* _Required work_: Write out the entire listing below exactly as it appears, minus any pictures.

* _Provided records_:
▬▬▬

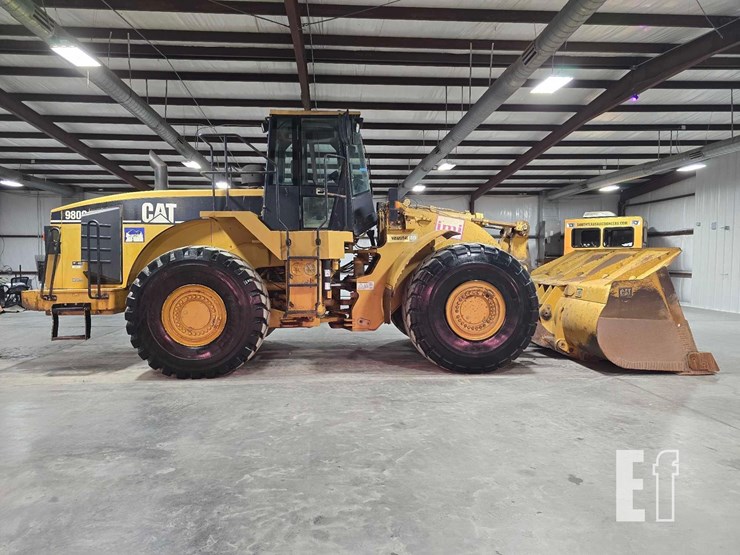 1998-caterpillar-980g-image-6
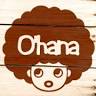 O'hana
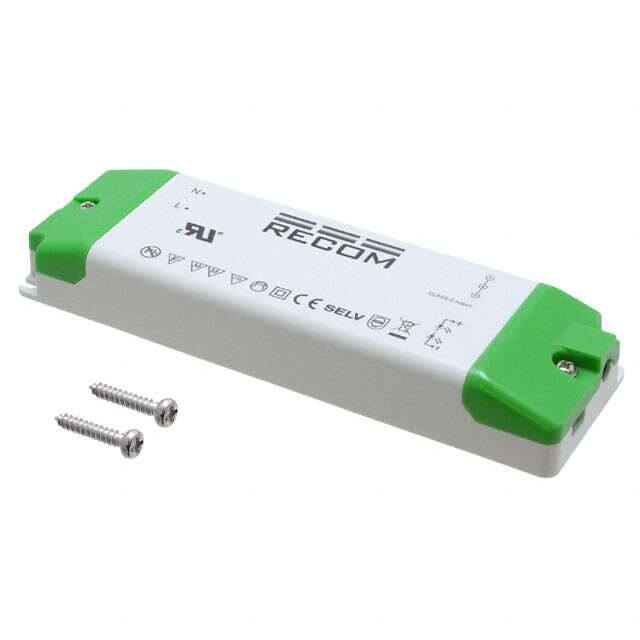 RACV30-24Recom Power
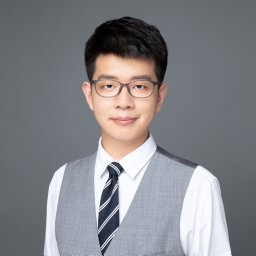 Peilun Yin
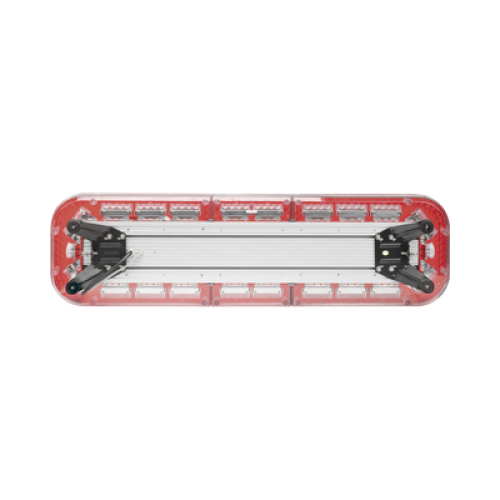 Barra de luces LED de 47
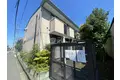 エスポワール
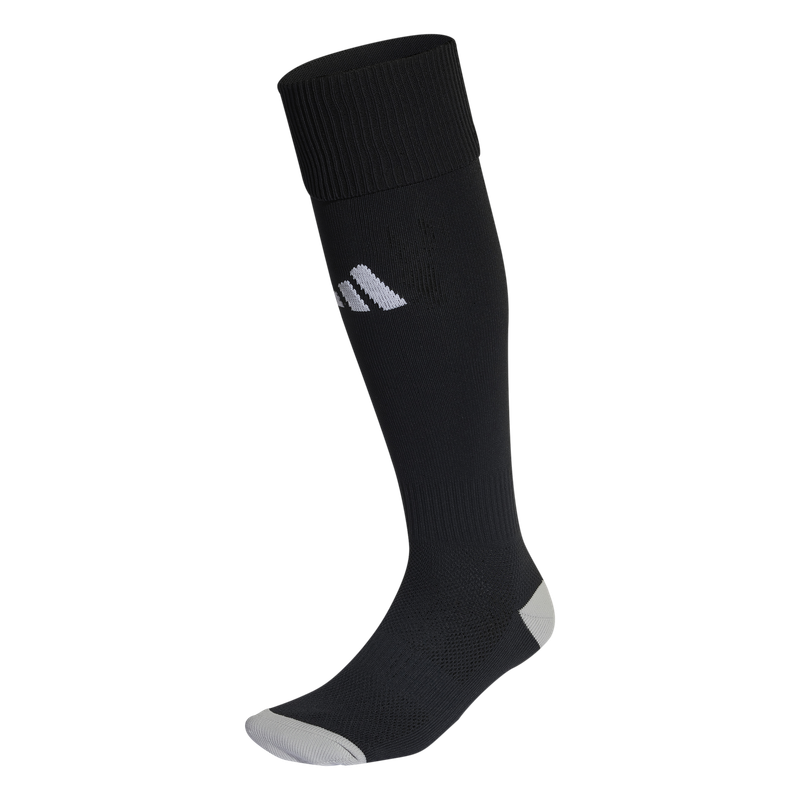 Milano 23 Sock
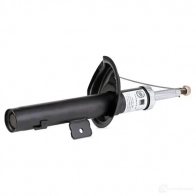 Амортизатор MASTER-SPORT 200448pcsms GR1T 9W 2714674 - Изображение 5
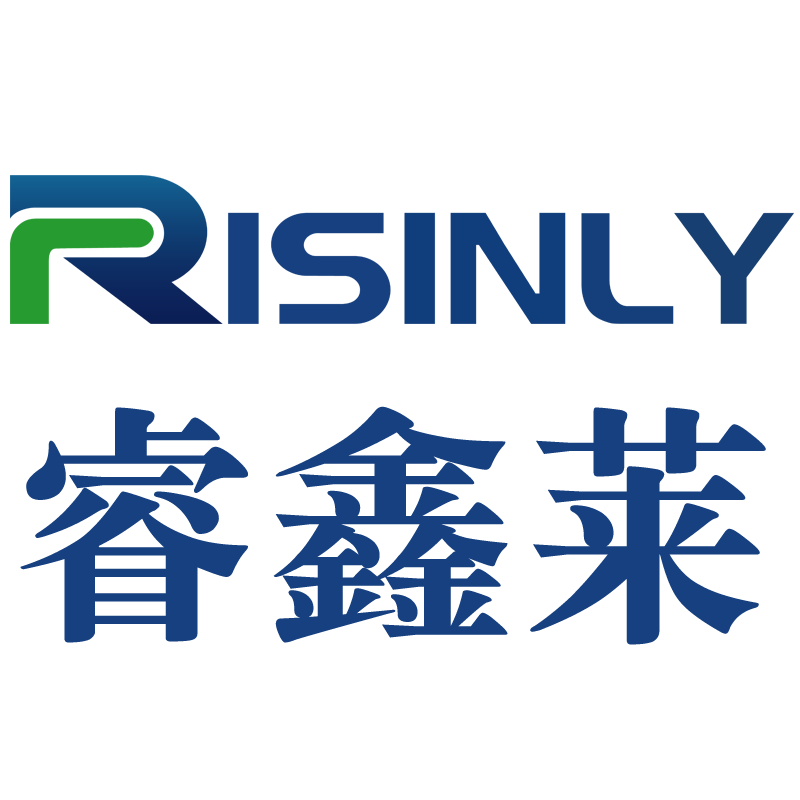 安福睿鑫莱科技有限公司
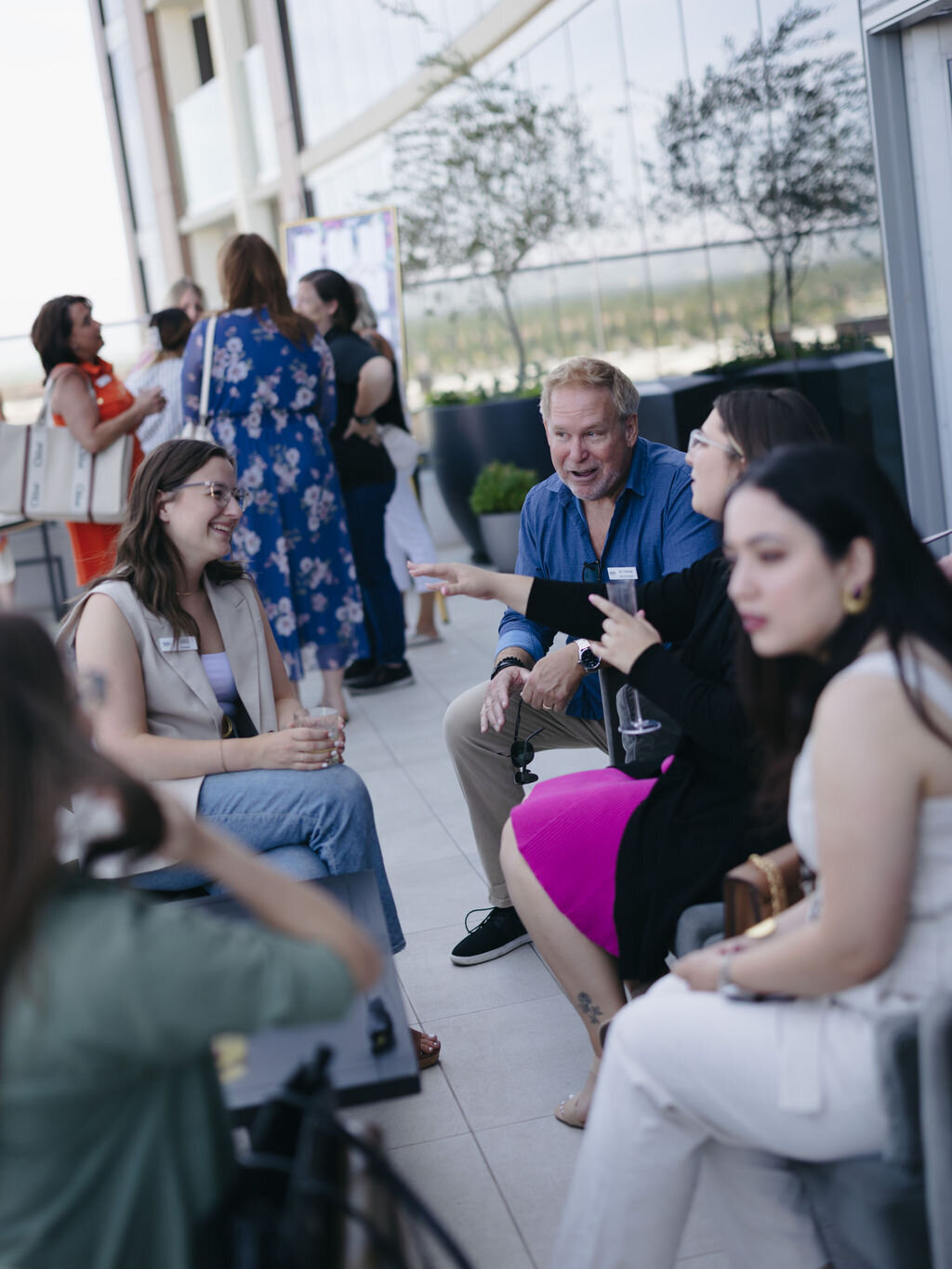 Cacie_Carroll@CacieCarrollPhotography_WIPhoenix_CeasarsRepublic_ScottsdaleArizona-233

▬▬▬

* _Completed exercise_:
 1998-caterpillar-980g-image-6
 O'hana
 RACV30-24Recom Power
 Peilun Yin
 Barra de luces LED de 47
 エスポワール
 Milano 23 Sock
 Амортизатор MASTER-SPORT 200448pcsms GR1T 9W 2714674 - Изображение 5
 安福睿鑫莱科技有限公司
 Cacie_Carroll@CacieCarrollPhotography_WIPhoenix_CeasarsRepublic_ScottsdaleArizona-233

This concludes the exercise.